**PROBLEM TO WORK ON:** Word for word, restate the lines of the data below between those holding "ON HOLD Malm" and "2001 audi s3", inclusive; pictures do not belong in the copy.

:: PROVIDED DATA

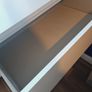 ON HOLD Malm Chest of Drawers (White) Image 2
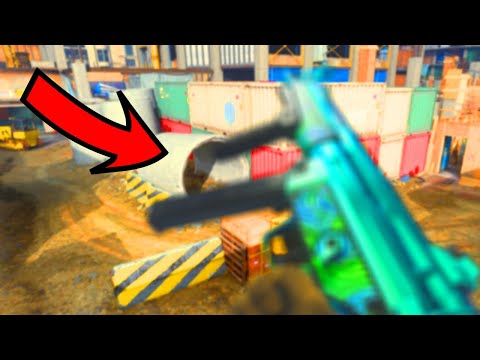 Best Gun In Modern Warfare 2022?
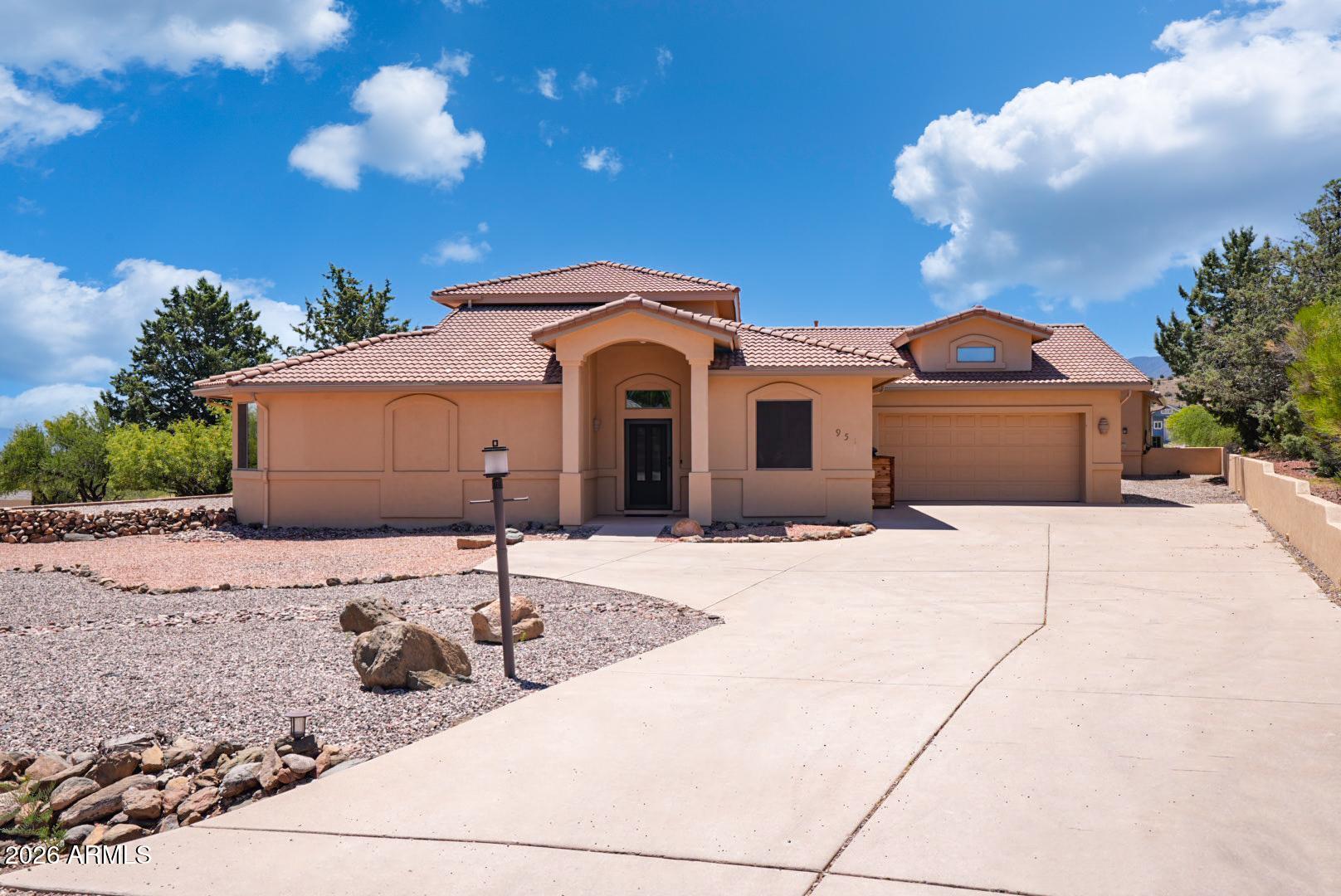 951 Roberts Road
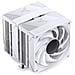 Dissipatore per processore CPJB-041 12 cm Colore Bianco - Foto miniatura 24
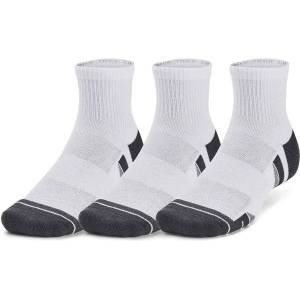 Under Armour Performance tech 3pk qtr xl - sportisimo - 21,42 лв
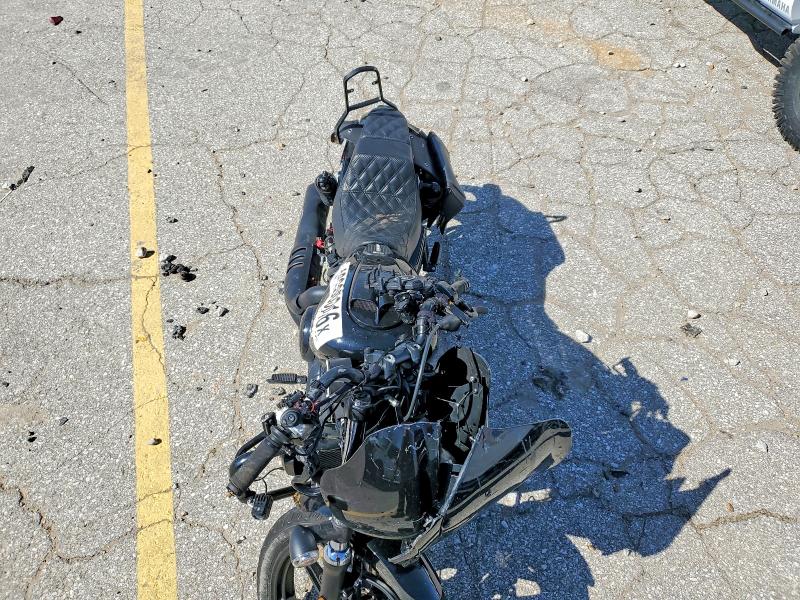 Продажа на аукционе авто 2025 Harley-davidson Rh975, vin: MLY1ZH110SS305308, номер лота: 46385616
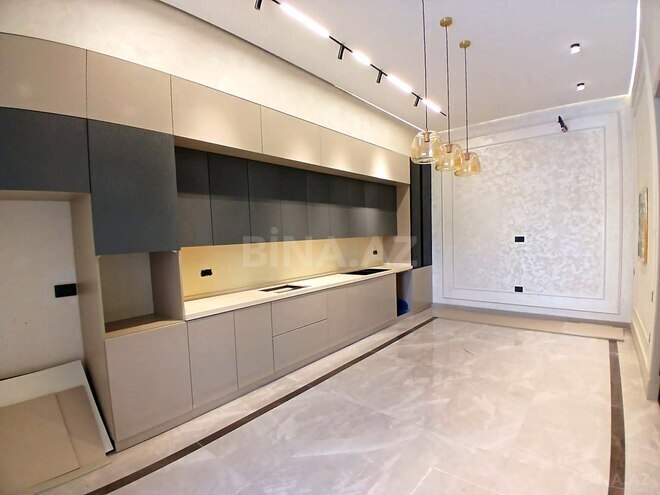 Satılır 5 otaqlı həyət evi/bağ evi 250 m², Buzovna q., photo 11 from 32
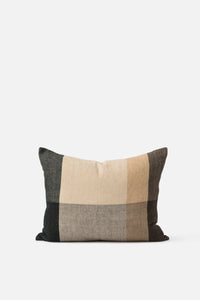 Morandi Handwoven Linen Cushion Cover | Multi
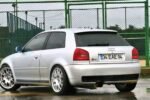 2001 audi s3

::::
:: PROVIDED DATA

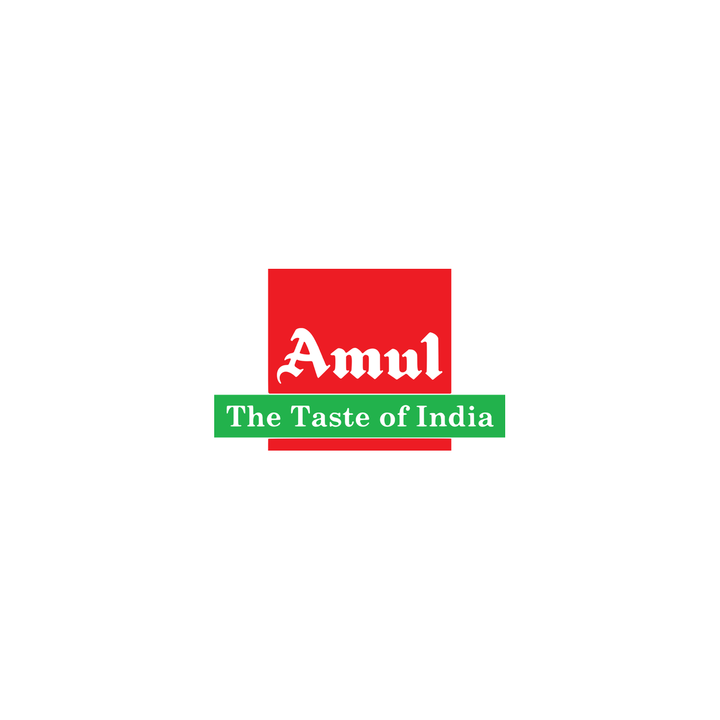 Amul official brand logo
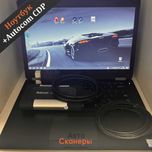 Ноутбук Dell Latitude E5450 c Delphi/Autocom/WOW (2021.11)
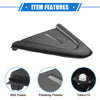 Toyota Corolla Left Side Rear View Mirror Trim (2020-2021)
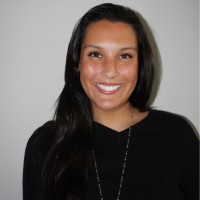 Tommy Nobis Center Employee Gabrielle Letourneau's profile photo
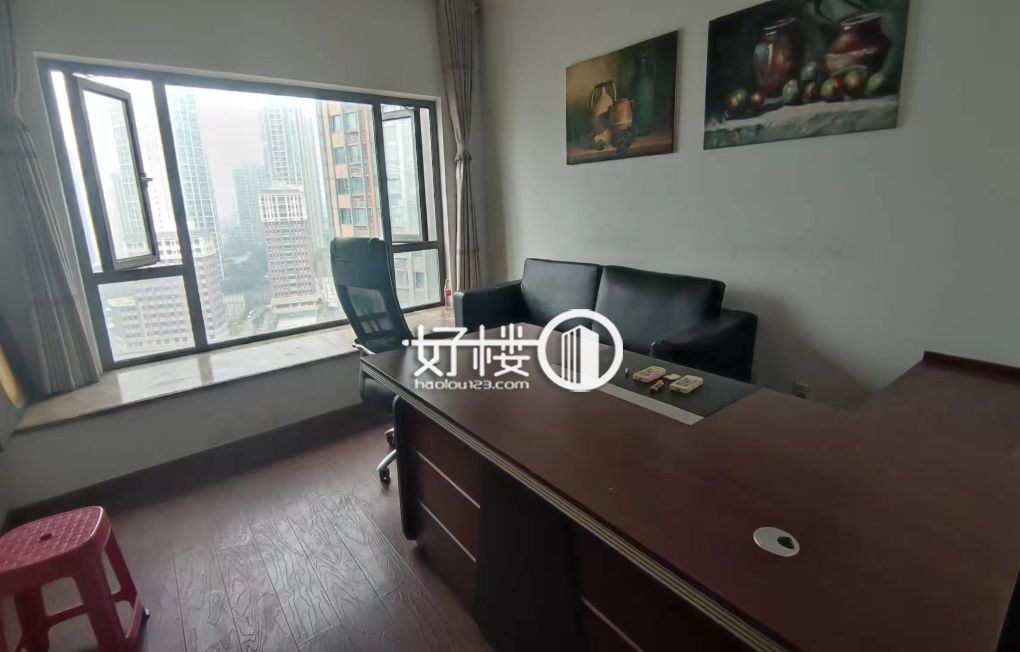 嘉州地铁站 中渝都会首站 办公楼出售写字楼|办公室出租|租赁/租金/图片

::::
:: PROVIDED DATA

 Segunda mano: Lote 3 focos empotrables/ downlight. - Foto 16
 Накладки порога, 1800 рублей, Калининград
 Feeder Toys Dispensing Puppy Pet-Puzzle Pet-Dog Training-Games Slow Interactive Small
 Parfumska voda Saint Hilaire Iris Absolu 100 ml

::::

**EXERCISE OUTPUT:**
 ON HOLD Malm Chest of Drawers (White) Image 2
 Best Gun In Modern Warfare 2022?
 951 Roberts Road
 Dissipatore per processore CPJB-041 12 cm Colore Bianco - Foto miniatura 24
 Under Armour Performance tech 3pk qtr xl - sportisimo - 21,42 лв
 Продажа на аукционе авто 2025 Harley-davidson Rh975, vin: MLY1ZH110SS305308, номер лота: 46385616
 Satılır 5 otaqlı həyət evi/bağ evi 250 m², Buzovna q., photo 11 from 32
 Morandi Handwoven Linen Cushion Cover | Multi
 2001 audi s3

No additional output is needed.